After I went to public school for kindergarten and grade school, my parents put me in a parochial school that had K-12 on the same grounds but with each school in a different building(–i.e., K, 1-5, 6-8, 9-12). While I thoroughly enjoyed the experience, I acknowledge and understand that many parents do not want their 6-yr olds mingling with 17-yr olds for fear of bullying, peer pressure, academic degradation from getting “lost in the crowd”, etc. But my past experiences tell me there are ways to minimize these risks should they materialize–i.e., different grades using different entrances, tiered class and lunch schedules, etc.

As for the closing of Anna Yates Elementary which sits East of San Pablo Avenue, the great majority of our fellow Emeryville residents live West of San Pablo Avenue. I believe ensuring our children’s safety is paramount and that includes keeping them from having to cross our City’s busiest streets–e.g., San Pablo and 40th, on their way to and from school.

9). Can you reference any conversations you’ve had with the owners of any non-publicly subsidized businesses in our city and do you get the sense that they’re thriving or struggling and what their sentiment toward operating in our city is?
The two big issues at the top of everyone’s mind right now are the Minimum Wage Ordinance (MWO) that was enacted last year and the Fair Work Week (FWW) or predictable workers schedule currently being considered by the council.

While I believe in the ideals of earning a livable wage and having reasonable certainty in work schedules, I think these are rights that every Californian should have and for the city council to enact such legislation ahead of our neighboring towns puts our businesses at a distinct disadvantage.
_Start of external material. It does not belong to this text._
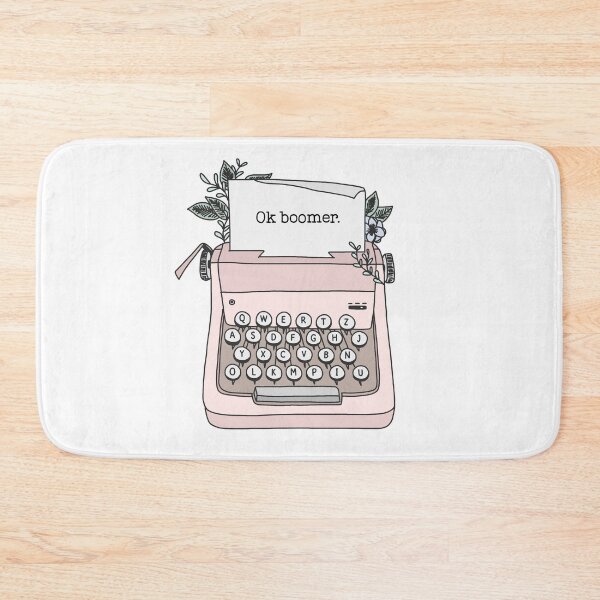 Item preview, Ok boomer typewriter cute designed and sold by emcazalet.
The council is forcing Emeryville businesses to take risks and accept burdens that could have been easily mitigated, if not avoided altogether, by taking a regional approach instep with Berkeley and/or Oakland. I am pledging my willingness to reach out to other cities to create a regional approach.


With the loss of the Emeryville Chamber of Commerce last year, small business no longer has the voice on the council it once did. To many, it feels like the current council is succumbing to ideological pressures from labor groups to help non-Emeryville residents at the expense of Emeryville businesses. Again, while the council’s intentions are good, the result will be a serious threat to Emeryville’s privately owned restaurants, bars, clothing stores, etc., effectively gutting our vibrant community, expediting the growth of big box chain stores, and “gentrifying” our community’s businesses.
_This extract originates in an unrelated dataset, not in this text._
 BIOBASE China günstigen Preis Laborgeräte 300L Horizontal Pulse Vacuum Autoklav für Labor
10). Is retaining and in fact growing our base of small businesses important to you and what will you commit to doing to help small businesses thrive in our city if elected?
If elected, there are two things I would champion from the very outset to help small business in Emeryville:

First, I would seek to reopen the discussion on the MWO and FWW, analyse the impact these ordinances are having on local business, seek public comment, and ask the serious question of whether Emeryville’s minimum wage hikes needs to be throttled back to match Berkeley and/or Oakland in order to stop small businesses from leaving Emeryville.
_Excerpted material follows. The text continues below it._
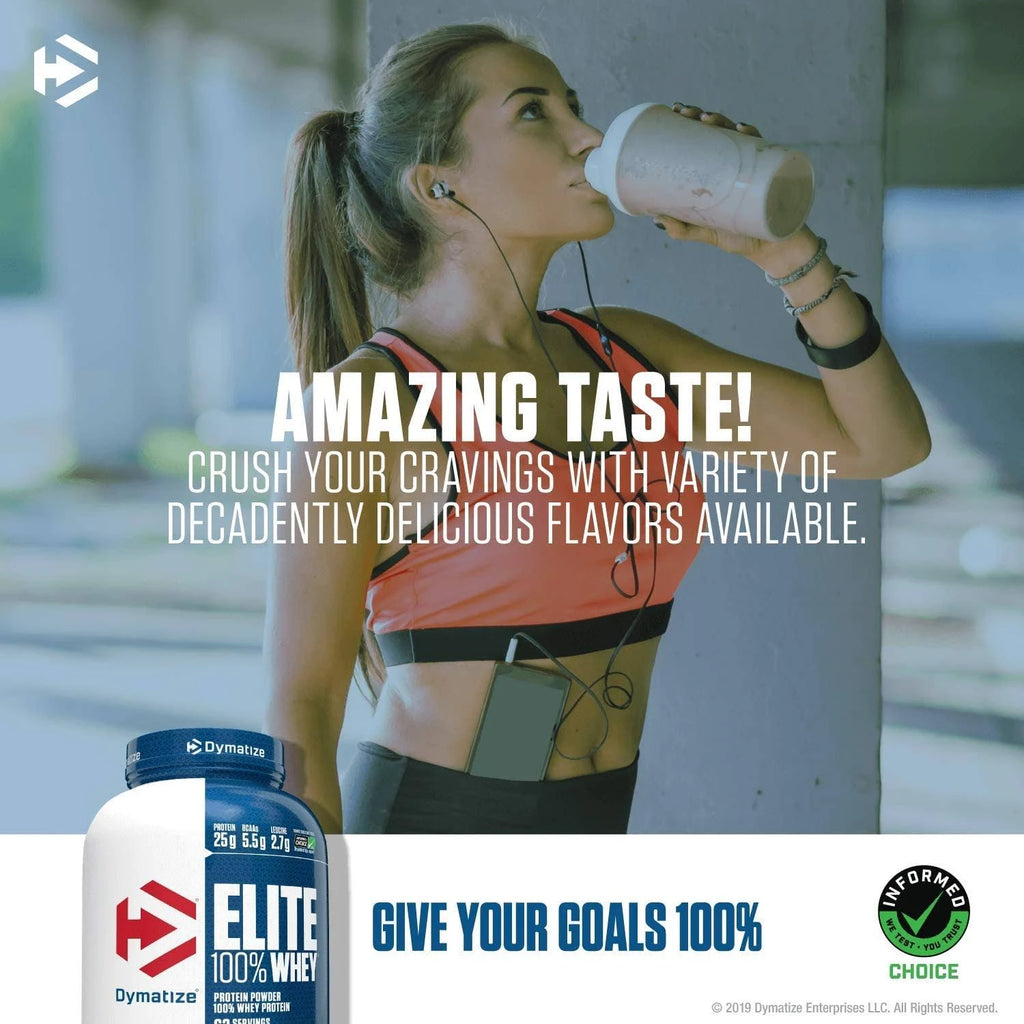 Dymatize Elite (942 gr)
Second, with the loss of Emeryville’s Chamber of Commerce, I want the council to take a more active role in supporting and incentivizing local businesses. If elected I will be a voice for local business in city government. I pledge to regularly meet with local business owners who cannot attend every city council meeting to ensure their concerns are addressed. I believe networking local businesses, Emeryville residents and community groups builds a “vibrant community” by promoting business participation in community charities and events, and creates a built-in support network.

11). Governor Jerry Brown recently signed a $15 minimum wage into state law that includes gradual increases and “off-ramps” in the event of economic consequences. If the impacts of our local MWO are proven to have the negative impacts that were predicted by business, would you be willing to “pause” ours and defer to the state model? Do you see the advantage of a regional approach to passing economic policies?
As mentioned above, I absolutely believe that if studies show the MWO is having a negative impact on local business, the MWO needs to be frozen at its current rate until Berkeley and/or Oakland catch up.

To be clear, I do not support Emeryville cutting wages or waiting for the entire state of California to catch up. I only want regional protections put in place so Emeryville can avoid having an unfriendly atmosphere for local businesses.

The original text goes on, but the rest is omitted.